▸ **What you will do**
The required result is an exact copy of the lines from the one containing "this 640×960 image." to the last line of the records, both ends included, without pictures.

▸ **Input material**
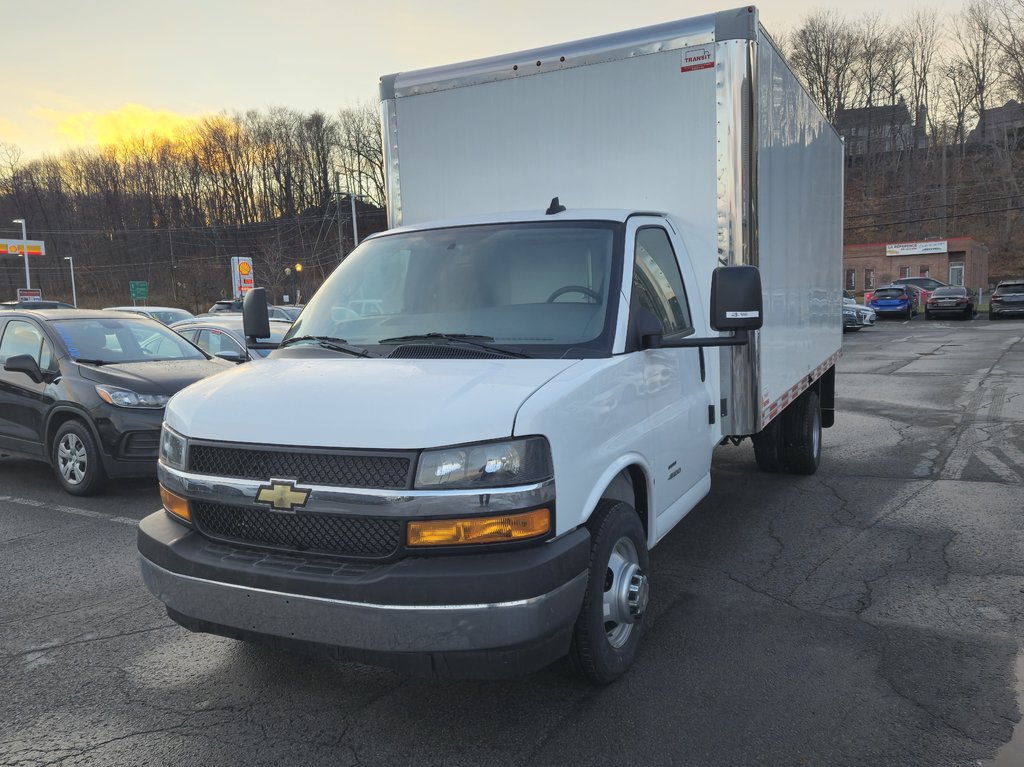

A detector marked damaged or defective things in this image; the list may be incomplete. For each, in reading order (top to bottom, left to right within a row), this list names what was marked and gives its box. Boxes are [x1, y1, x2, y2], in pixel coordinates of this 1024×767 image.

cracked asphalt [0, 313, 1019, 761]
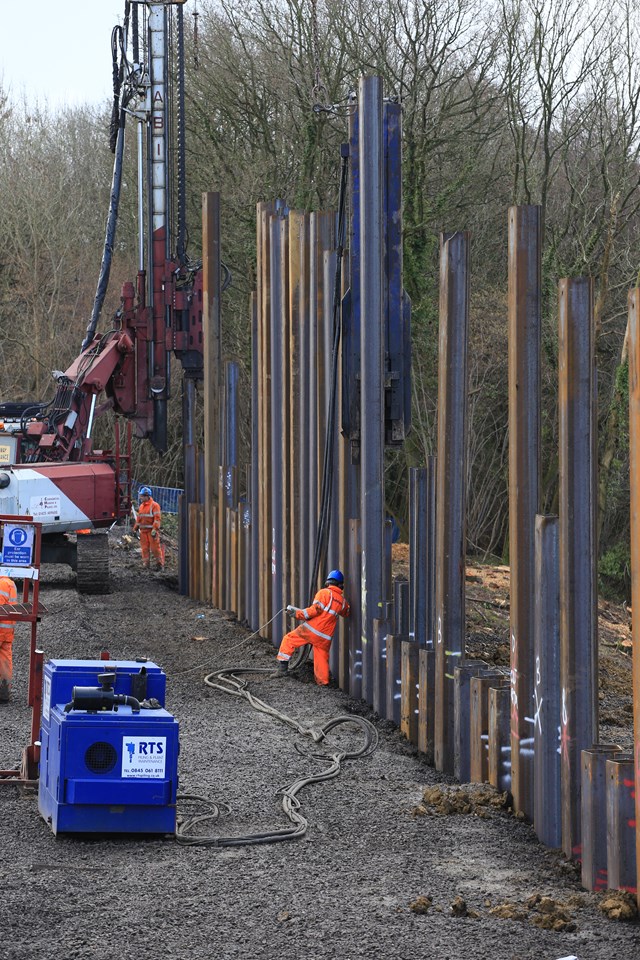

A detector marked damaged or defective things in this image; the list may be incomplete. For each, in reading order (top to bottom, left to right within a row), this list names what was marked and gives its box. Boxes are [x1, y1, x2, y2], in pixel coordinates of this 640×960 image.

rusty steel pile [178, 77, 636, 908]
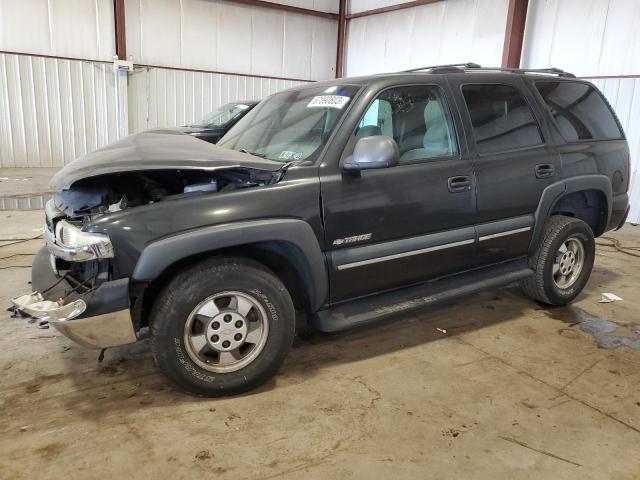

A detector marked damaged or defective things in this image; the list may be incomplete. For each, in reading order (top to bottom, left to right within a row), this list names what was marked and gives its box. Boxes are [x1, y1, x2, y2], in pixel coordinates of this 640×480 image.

▸ **Response for this exercise**
A detector marked damaged or defective things in this image; the list may be incomplete. For each, in reading order (top to bottom, left to right within a row), this list names what was marked and gives its box. Boxes are [x1, y1, x2, y2], in pixel coordinates of this 640×960 image.

rusty steel pile [178, 77, 636, 908]

A detector marked damaged or defective things in this image; the list may be incomplete. For each, in reading order (top to bottom, left to right within a row), this list names what was marked and gives its box. Boxes are [x1, y1, x2, y2], in pixel coordinates of this 640×480 image.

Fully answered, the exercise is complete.